In this exercise, print only the lines of the records below from the one with "Summer Slasher T-Shirt" through the one with "Chinesische Porzellanofenwechsel Keramik", inclusive. Pictures are not part of the copy.

* _Recorded information_
□ □ □ □ □ □ □

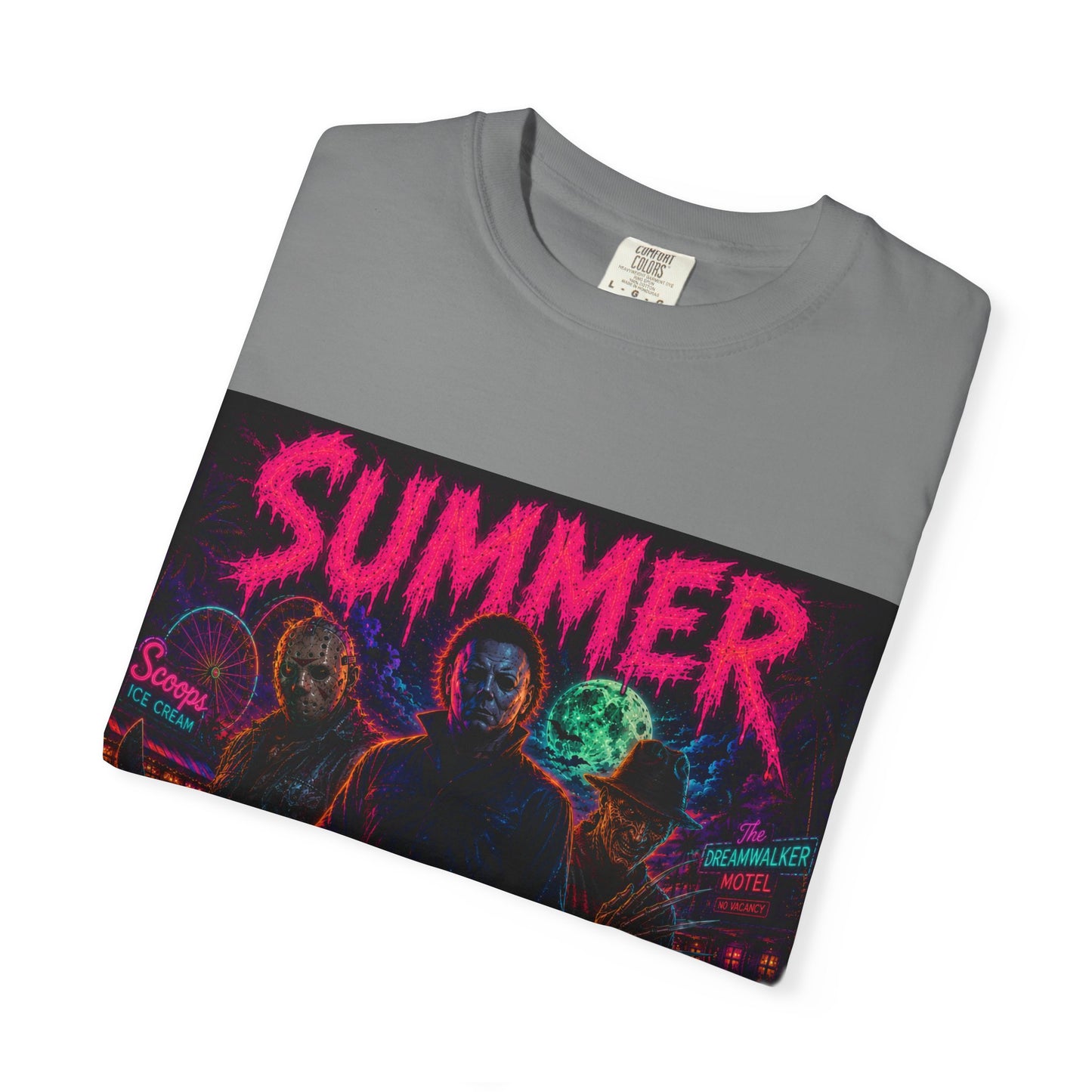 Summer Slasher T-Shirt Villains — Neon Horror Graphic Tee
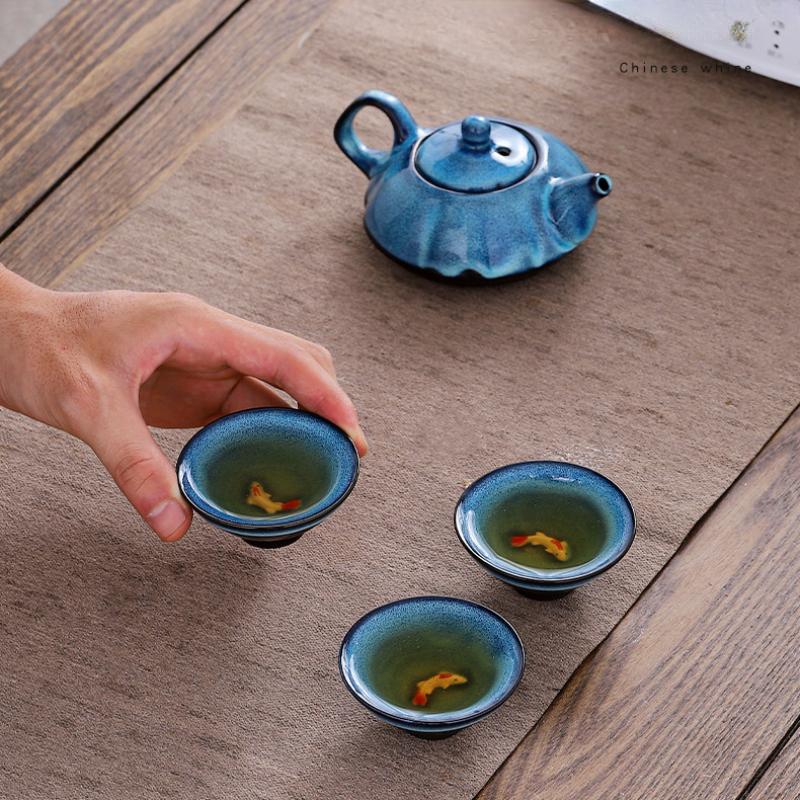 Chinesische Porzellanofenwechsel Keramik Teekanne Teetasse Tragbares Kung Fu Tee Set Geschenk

□ □ □ □ □ □ □

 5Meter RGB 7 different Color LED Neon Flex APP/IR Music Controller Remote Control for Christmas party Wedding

□ □ □ □ □ □ □

* _Worked solution_
 Summer Slasher T-Shirt Villains — Neon Horror Graphic Tee
 Chinesische Porzellanofenwechsel Keramik Teekanne Teetasse Tragbares Kung Fu Tee Set Geschenk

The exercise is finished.